YOUR INSTRUCTIONS> Would you return exactly the lines below from the line with "Laura Graham Brown" through the line with "Step 5: Update", both included, and nothing else, leaving out the pictures?

GIVEN DATA>

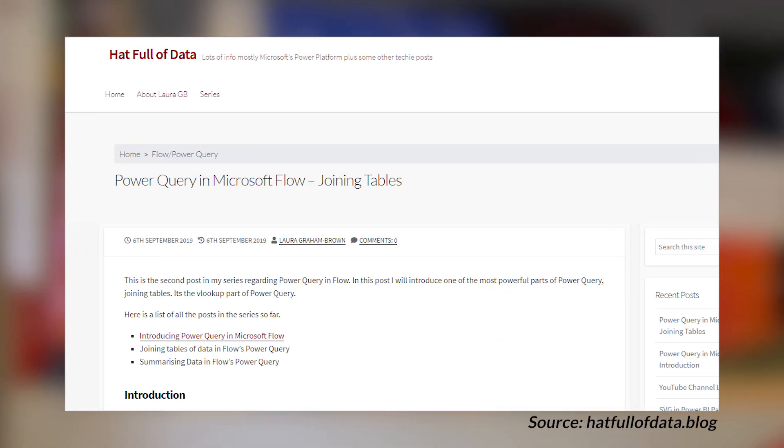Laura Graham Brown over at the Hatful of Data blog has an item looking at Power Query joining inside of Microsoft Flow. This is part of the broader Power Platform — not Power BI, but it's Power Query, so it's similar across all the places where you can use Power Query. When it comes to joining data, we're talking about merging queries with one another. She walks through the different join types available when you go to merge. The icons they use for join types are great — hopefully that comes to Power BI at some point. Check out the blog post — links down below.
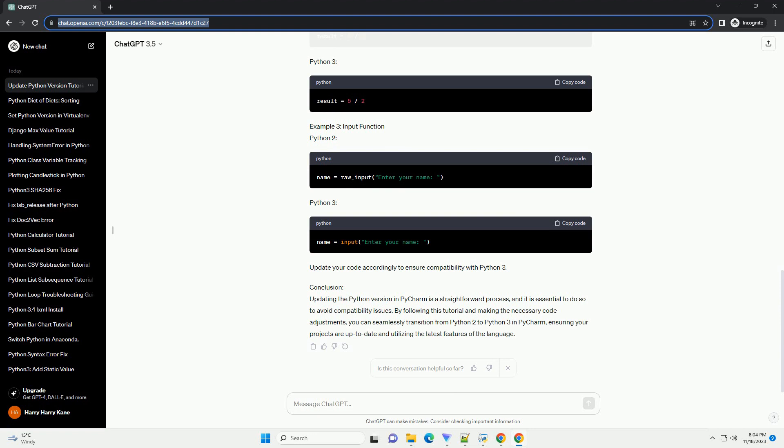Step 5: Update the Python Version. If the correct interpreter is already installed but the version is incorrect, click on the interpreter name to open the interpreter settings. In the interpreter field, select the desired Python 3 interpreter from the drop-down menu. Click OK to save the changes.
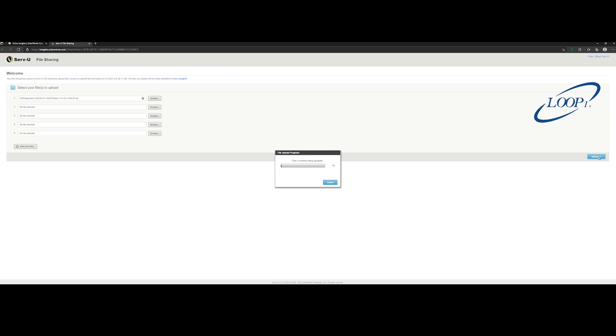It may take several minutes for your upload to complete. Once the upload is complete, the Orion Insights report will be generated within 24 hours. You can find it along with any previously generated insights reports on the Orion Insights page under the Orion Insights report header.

--

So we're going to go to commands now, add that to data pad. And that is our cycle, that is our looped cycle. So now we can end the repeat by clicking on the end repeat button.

RESPONSE>
Laura Graham Brown over at the Hatful of Data blog has an item looking at Power Query joining inside of Microsoft Flow. This is part of the broader Power Platform — not Power BI, but it's Power Query, so it's similar across all the places where you can use Power Query. When it comes to joining data, we're talking about merging queries with one another. She walks through the different join types available when you go to merge. The icons they use for join types are great — hopefully that comes to Power BI at some point. Check out the blog post — links down below.
Step 5: Update the Python Version. If the correct interpreter is already installed but the version is incorrect, click on the interpreter name to open the interpreter settings. In the interpreter field, select the desired Python 3 interpreter from the drop-down menu. Click OK to save the changes.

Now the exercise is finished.